• _Task_:
Everything below from the line with "Žena sedící na" through the line with "Children sitting on" must be retyped exactly, except the pictures.
++++ Data shown ++++
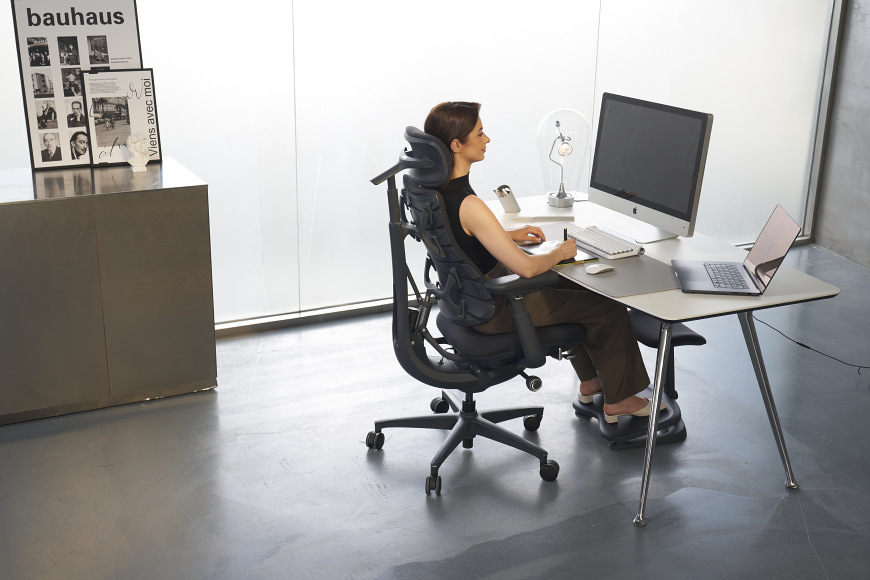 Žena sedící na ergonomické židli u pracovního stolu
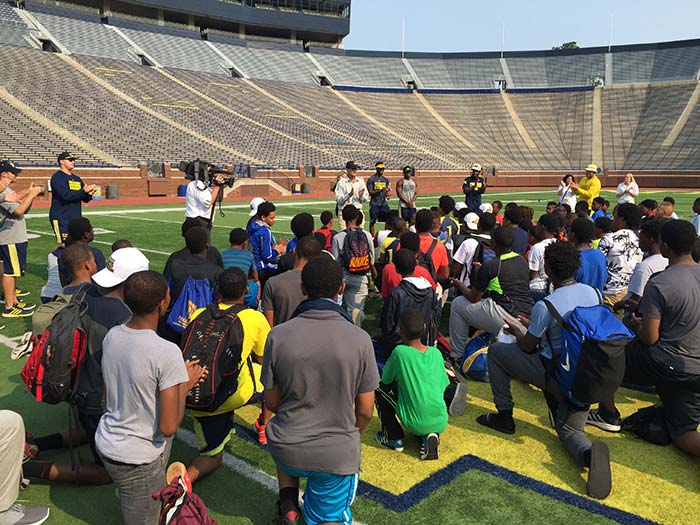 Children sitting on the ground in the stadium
++++
++++ Data shown ++++
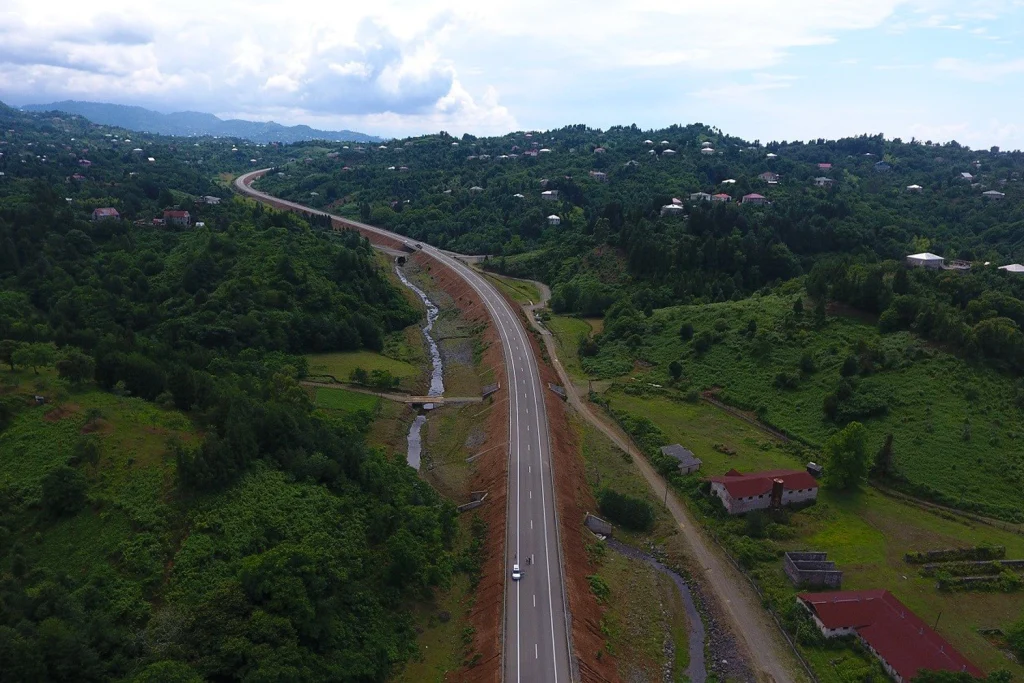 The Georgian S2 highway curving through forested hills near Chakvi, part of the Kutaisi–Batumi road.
++++
• _Exercise response_:
 Žena sedící na ergonomické židli u pracovního stolu
 Children sitting on the ground in the stadium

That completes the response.